🤖 AI Summary
To address the limited clinical trust in ECG classification models stemming from their black-box nature, this paper proposes a three-stage knowledge transfer framework. First, a self-supervised joint embedding pretraining transfers multimodal clinical knowledge—such as laboratory test results and medical history—from MIMIC-IV-ECG into a unimodal ECG encoder. Second, abnormal lab value prediction serves as a proxy task to enforce physiologically grounded, interpretable modeling of ECG diagnostic outputs. Evaluated on multi-label diagnosis tasks, the method significantly outperforms signal-only baselines and approaches the performance of full multimodal models, while generating clinically substantiated explanations.

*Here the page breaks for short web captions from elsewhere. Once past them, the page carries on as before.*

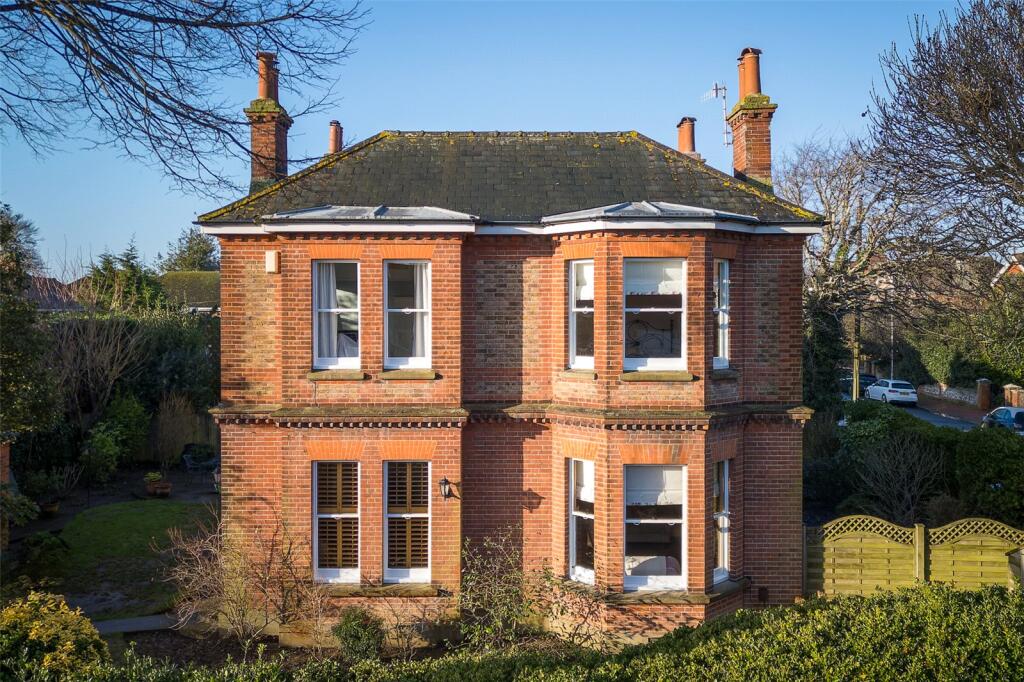 Manor Road, Worthing, West Sussex, BN11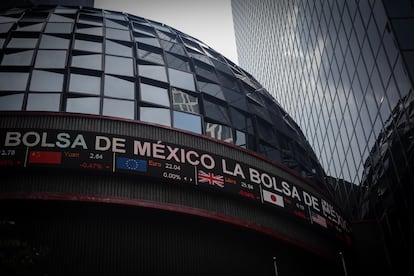 Fachada de la Bolsa Mexicana de Valores, en Ciudad de México.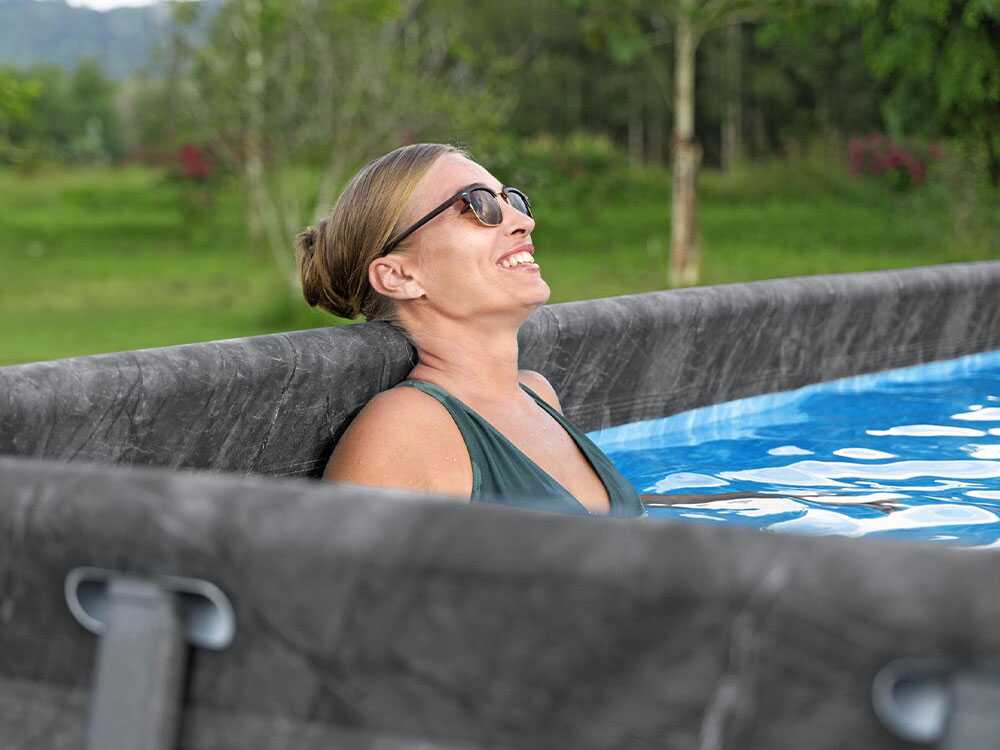 Bestway APX 365 561KA - 549 x 274 x 132 cm - Piscine hors-sol pour 7-8 personnes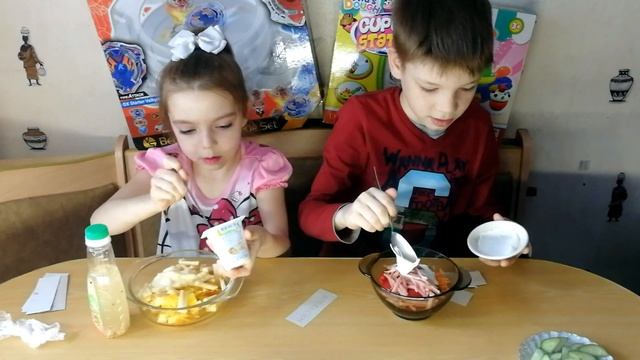 София Челлендж Салат Игра (детский канал) смотреть онлайн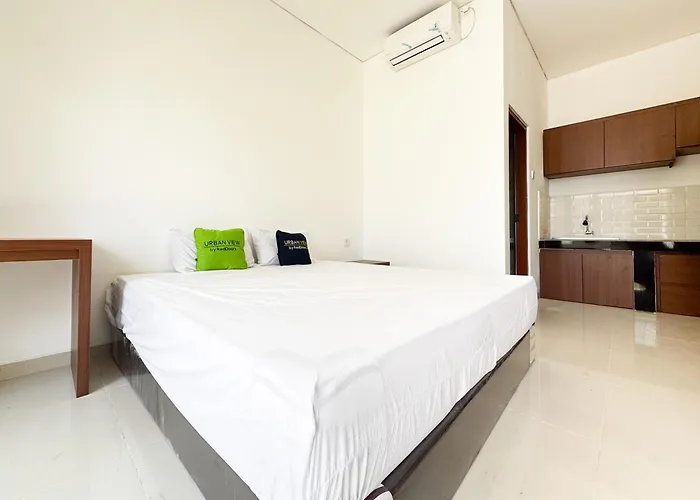 Urbanview Tegal Jinah Pensión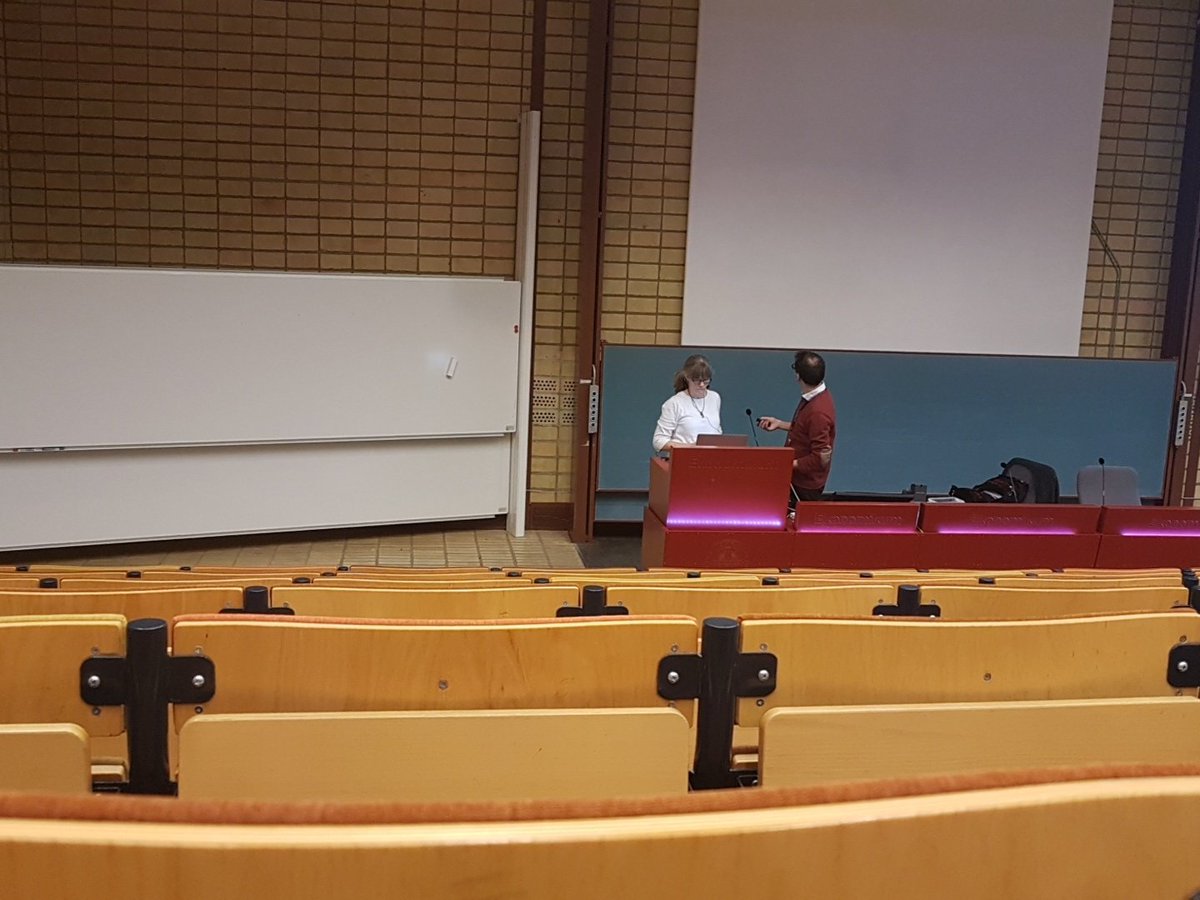 Fijebye's tweet photo. Problemen som uppstår när gästföreläsare vill ha den Största! Salen. För en klass på cirka 50 https://t.co/t5nuj34JlT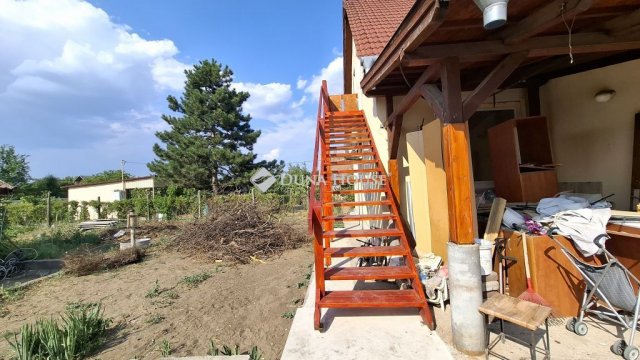 Eladó téglalakás, Őrbottyánban 49.9 M Ft, 3 szobás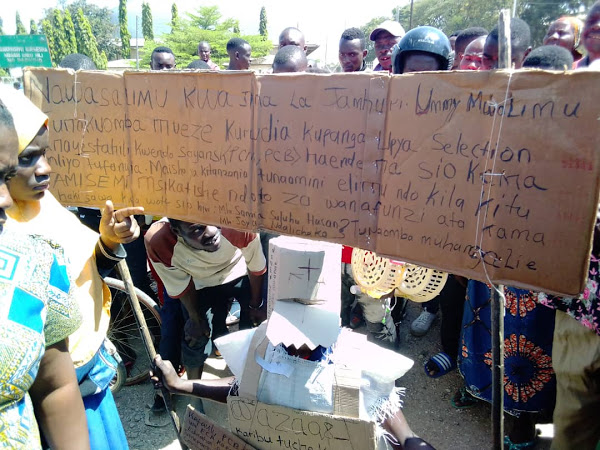 Mwanafunzi Aliyevaa Mabango Akigomea Kuchaguliwa ECA, Ataka PCM - Global Publishers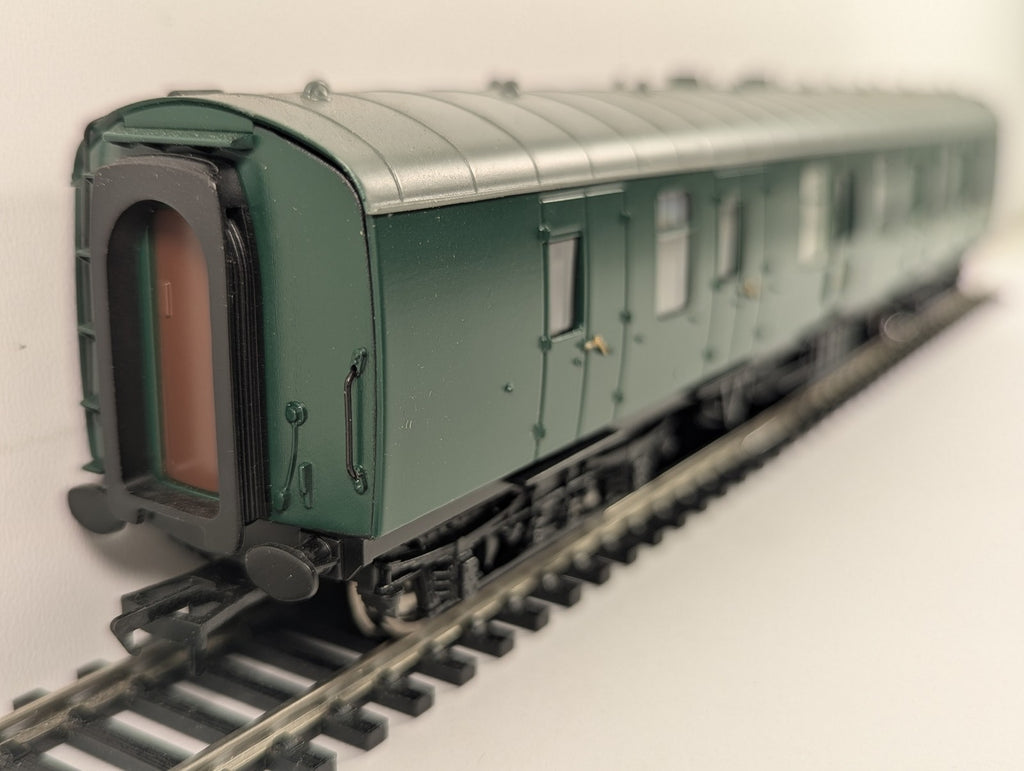 Bachmann Branch-Line OO Gauge BR Mk1 BG Full Brake Passenger Coach S80561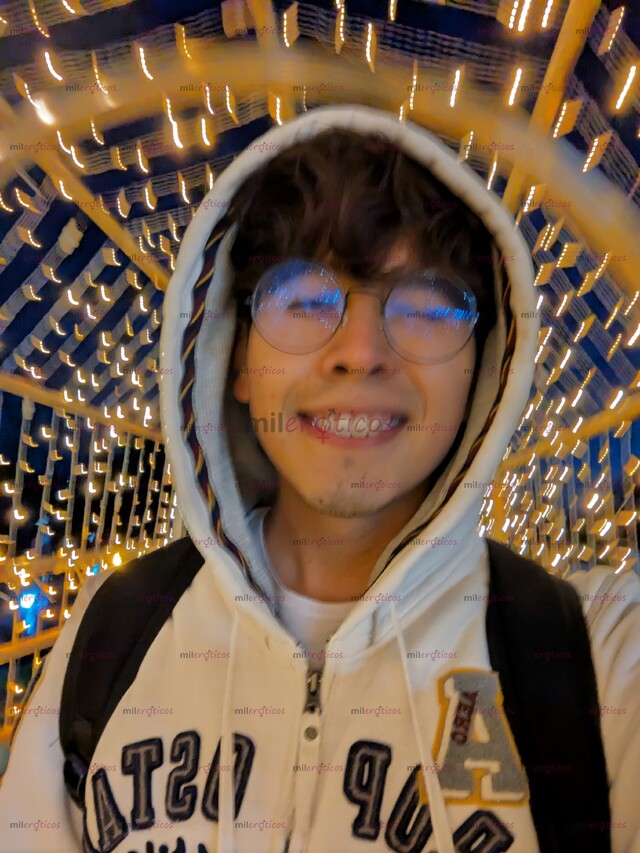 FOTOS DE SOY CORCHO UN UNIVERSITARIO MÁS, AMABLE Y ATENTO A TU SERVICIO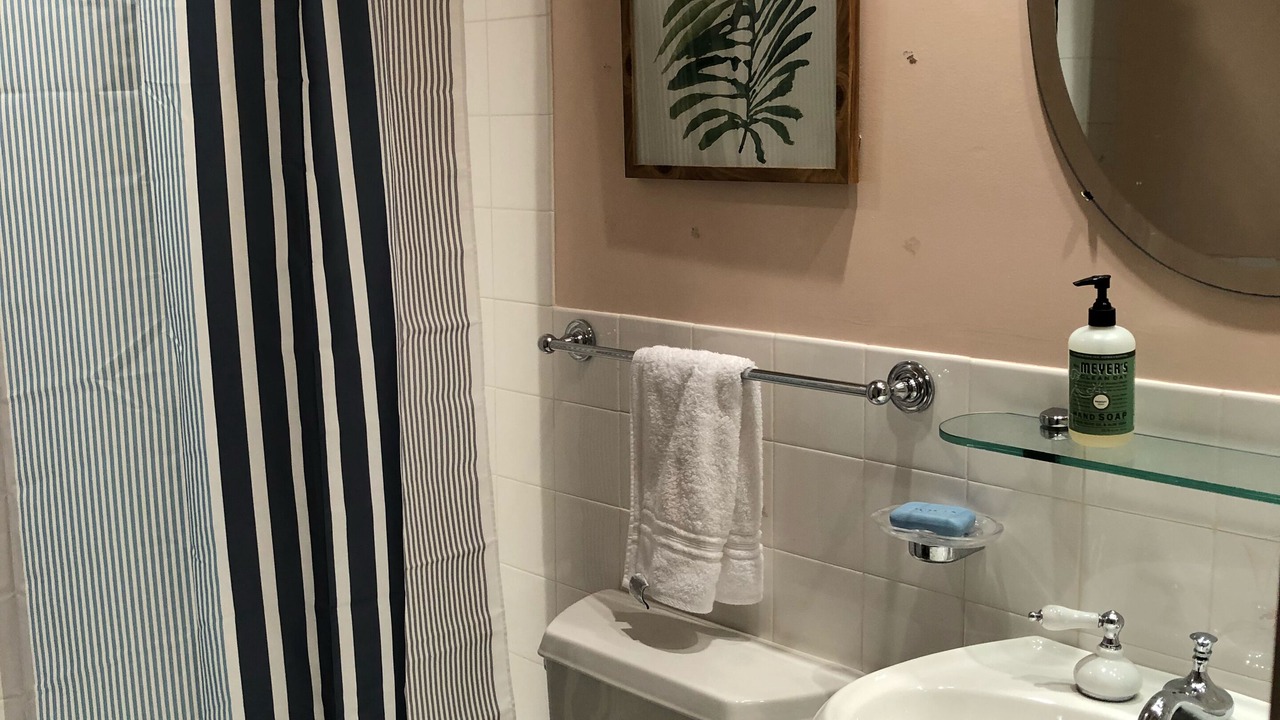 Photo of Bathroom in Garrison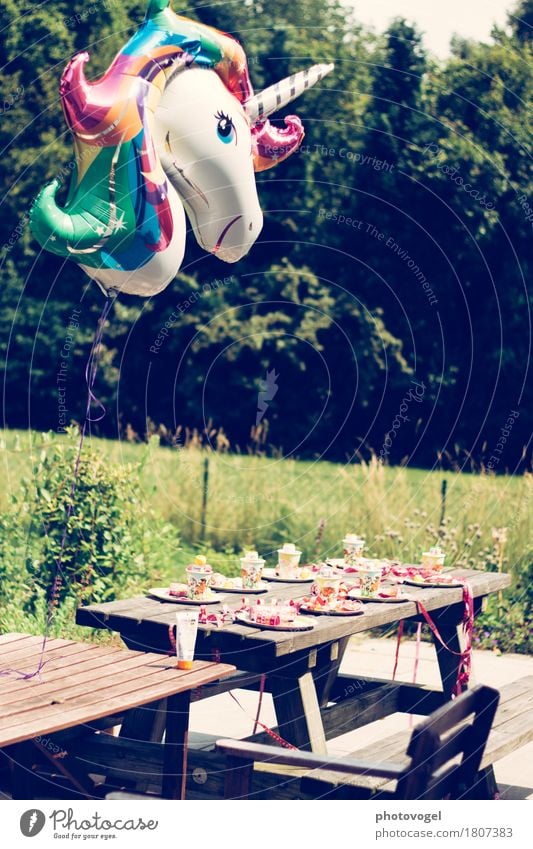 Kindergeburtstag Garten Feste & Feiern Geburtstag Sommer grün Freude Fröhlichkeit Lebensfreude Kindheit Einhorn Luftballon Farbfoto mehrfarbig Außenaufnahme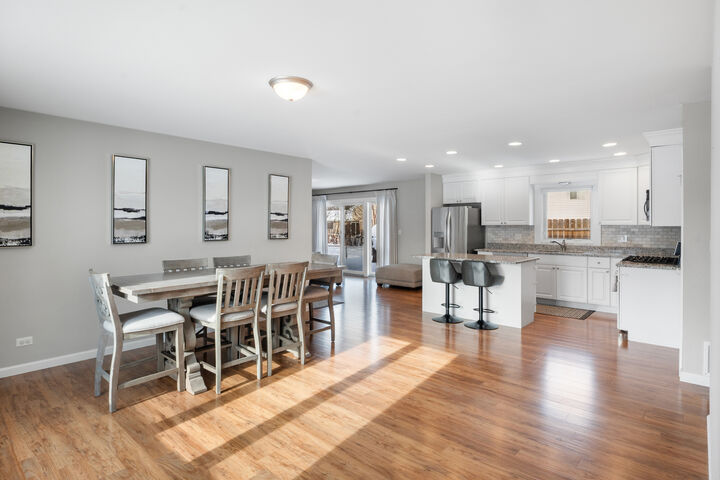 Property Photo: 3 Brandywine Court IL 60177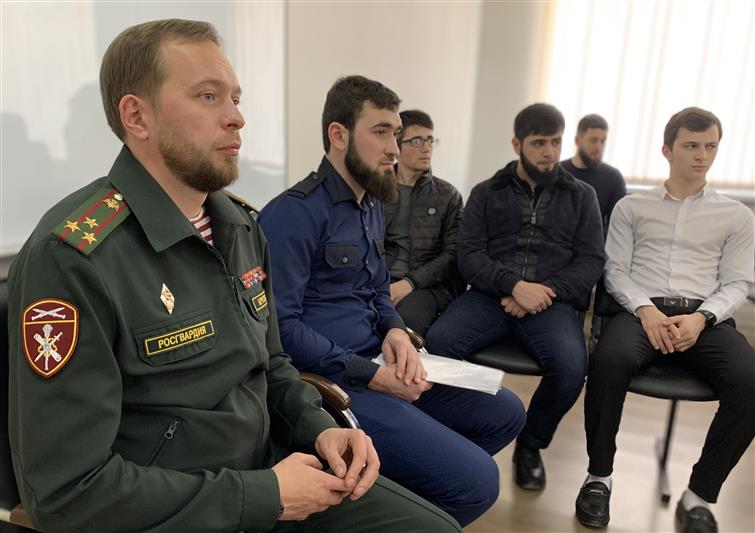 В Грозном для детей погибших сотрудников и военнослужащих войск правопорядка организовано обучение в фотошколе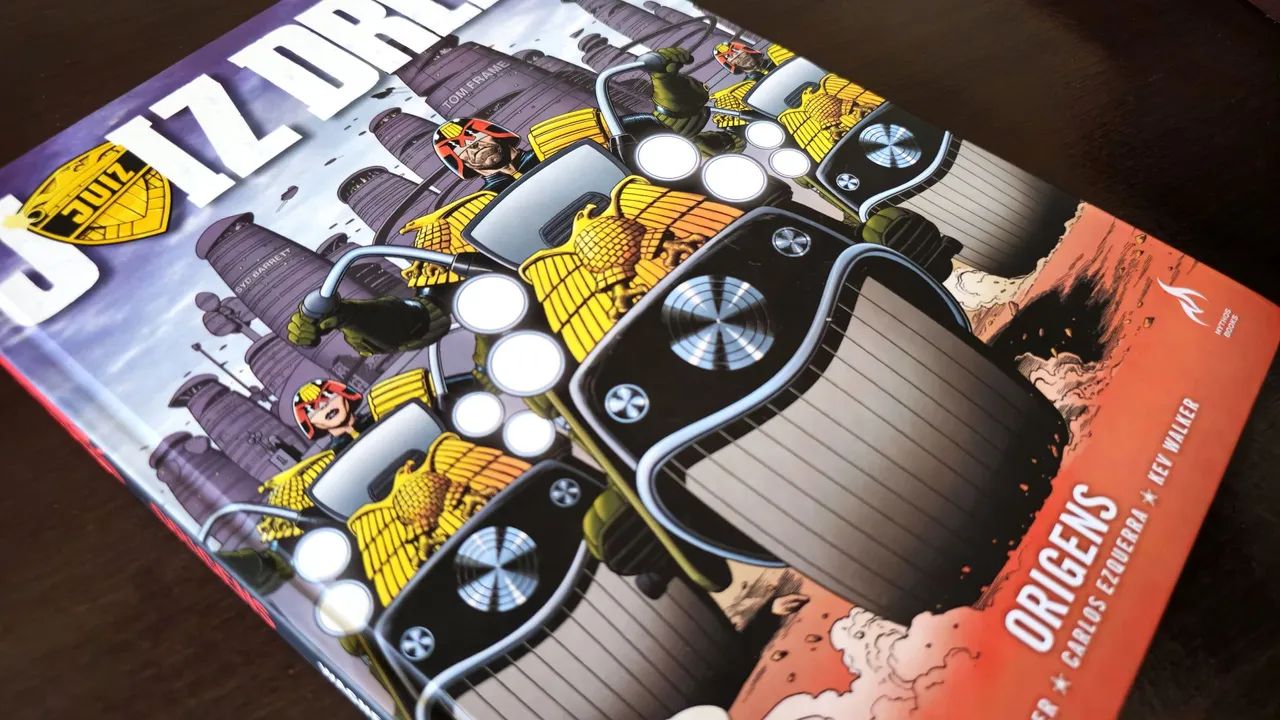 Juiz Dredd - Origens - HQ Mythos - Foto 2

Key contributions are: (i) the first approach to distill multimodal clinical knowledge into a unimodal ECG model without requiring multimodal inputs during inference; and (ii) leveraging measurable biomarkers as indirect, physiology-aligned anchors to disentangle and interpret model decision mechanisms—thereby bridging algorithmic interpretability with clinical utility.
📝 Abstract
Deep learning models have shown high accuracy in classifying electrocardiograms (ECGs), but their black box nature hinders clinical adoption due to a lack of trust and interpretability. To address this, we propose a novel three-stage training paradigm that transfers knowledge from multimodal clinical data (laboratory exams, vitals, biometrics) into a powerful, yet unimodal, ECG encoder. We employ a self-supervised, joint-embedding pre-training stage to create an ECG representation that is enriched with contextual clinical information, while only requiring the ECG signal at inference time. Furthermore, as an indirect way to explain the model's output we train it to also predict associated laboratory abnormalities directly from the ECG embedding. Evaluated on the MIMIC-IV-ECG dataset, our model outperforms a standard signal-only baseline in multi-label diagnosis classification and successfully bridges a substantial portion of the performance gap to a fully multimodal model that requires all data at inference. Our work demonstrates a practical and effective method for creating more accurate and trustworthy ECG classification models. By converting abstract predictions into physiologically grounded emph{explanations}, our approach offers a promising path toward the safer integration of AI into clinical workflows.